Can anyone please help as i am unable to find any useful information on the internet regarding bus services between dubai and abu dhabi.

I am aware of an 'emirates express' service which is mentioned on another forum from 2005.......but i think some of the information in it is incorrect such as where the bus leaves from in dubai.

then i found another article below but cannot find any more information on pick up locations and times.
http://www.thenational.ae/article/20090207/NATIONAL/970938990/0/ONLINESPECIALA

my friend came from AD and was dropped off at the world trade interhcange which is the large Zabeel roundabout....but when we went back therein the evening to return back to AD apparantly it didnt pick up from there?

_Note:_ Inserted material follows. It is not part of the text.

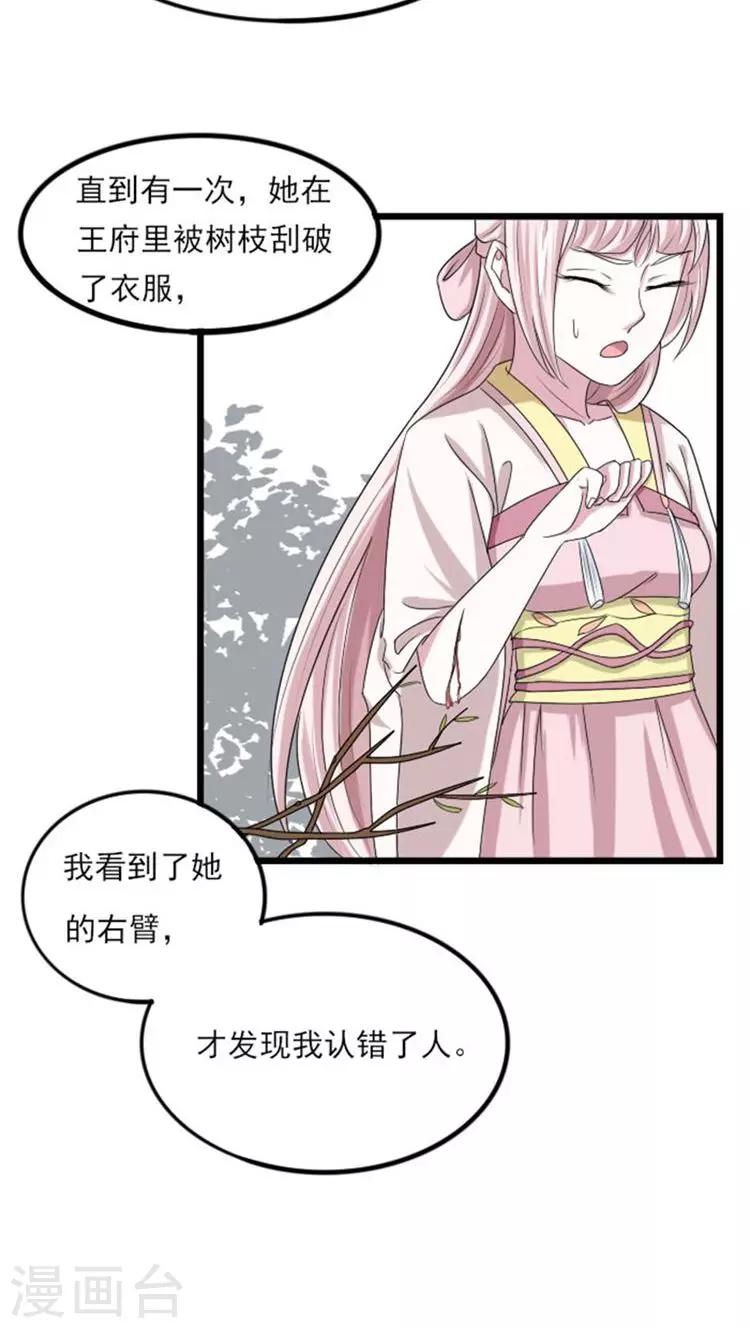 第63话 只想和你……2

if anyone has info it would be much appreciated for next time

many thanks


----------



## Glasceb

you'll find timetables on rta dot ae for this service


----------



## mayotom

Here is the timetable and collection point's the buses do drop off in many locations but only pick up at each end of the line







Click on it to make bigger

services are quiet regular, however you may be left waiting during busy times...


----------



## nm62

a week back i have called 8009090
they told me 2 kinds of buses are available

1) liesure bus Dhs 20 
comfortable seats, internet wireless connection provided blah blah blah...

2) regular bus Dh 15
2 hours trip

Available from Al ghubaiba bus stand (bur dubai... near shindagha)


----------



## nm62

plz have a look at the attachment


----------



## Tiny

OK I understand. this would be why she was unable to get the bus from where she was dropped off....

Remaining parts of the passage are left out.